The Allarde Decree was a decree adopted by the French National Constituent Assembly on March 2, 1791, and formally enacted on March 17, 1791. Named after Pierre d'Allarde, the decree abolished the rights and privileges of guilds and introduced the principle of freedom of trade and industry in France. This marked a pivotal step towards economic liberalization during the French Revolution.

== Background ==
The Allarde Decree was influenced by earlier liberalization attempts, such as the 1776 edict of Turgot which had sought to dismantle guilds but was repealed due to popular unrest. The decree aimed to remove restrictions on professions and trades, allowing individuals to freely engage in economic activities. Pierre d’Allarde defended the decree by asserting that the "right to work is one of the fundamental rights of man."

The decree complemented the Le Chapelier Law of June 1791, which further prohibited worker associations and guilds, fostering a capitalist labor market.

== Provisions ==
The decree, particularly its Article 7, enshrined the principle of freedom of trade and industry:

It shall be free for any person to engage in such trade or profession as they see fit; however, they must first obtain a patente tax, pay its cost as determined, and adhere to public order regulations.

The Allarde Decree introduced two major principles:
- Freedom of enterprise: Individuals could freely create businesses and engage in professions without guild restrictions.
- Free competition: Economic actors were expected to compete fairly without interference, establishing the foundation for market economy practices.

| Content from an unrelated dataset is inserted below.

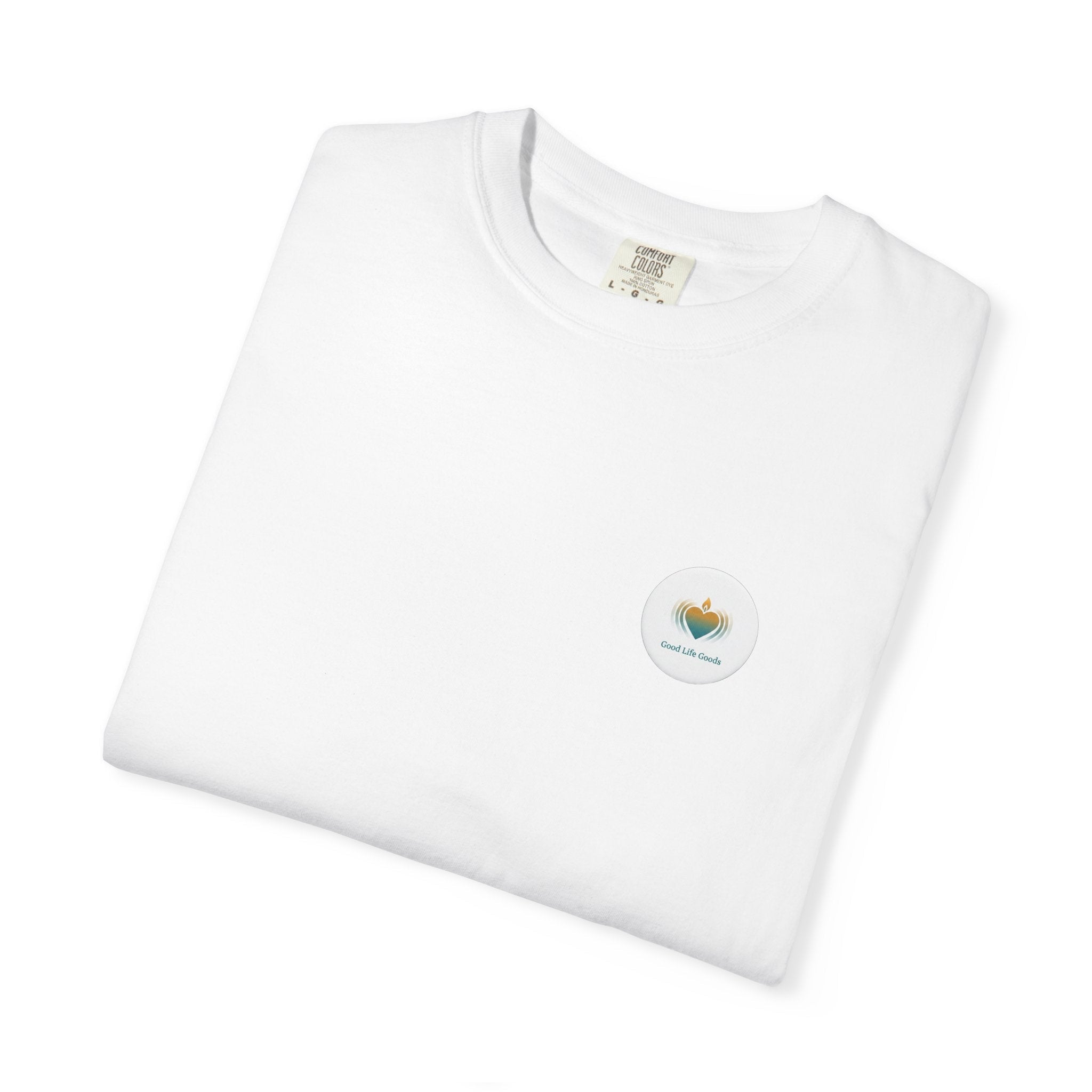 Keep the Light On Heart Candle T-Shirt — Good Life Goods Graphic Tee - Good Life Goods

While it granted economic freedoms, the decree also allowed public authorities to regulate activities in the interest of public order and general welfare.

== Impact ==
The Allarde Decree played a significant role in dismantling the corporatist structures of the Ancien Régime, paving the way for modern capitalism in France. It abolished the monopoly powers of guilds, fostering an open market economy. This economically liberal approach became a cornerstone of French economic policies.

However, the decree also eliminated the social safety nets provided by guilds, leaving workers vulnerable to exploitation in the newly competitive economy. The subsequent Le Chapelier Law exacerbated this vulnerability by banning trade unions and collective bargaining.

== Legacy ==
The decree's principles of economic freedom have been enshrined in French law and jurisprudence, influencing modern regulatory frameworks. Despite its repeal in some jurisdictions, the Allarde Decree remains a landmark in the history of economic liberalization.

The decree faced criticism during the Vichy regime, which attempted to reinstate corporatist policies through the 1941 Charte du travail.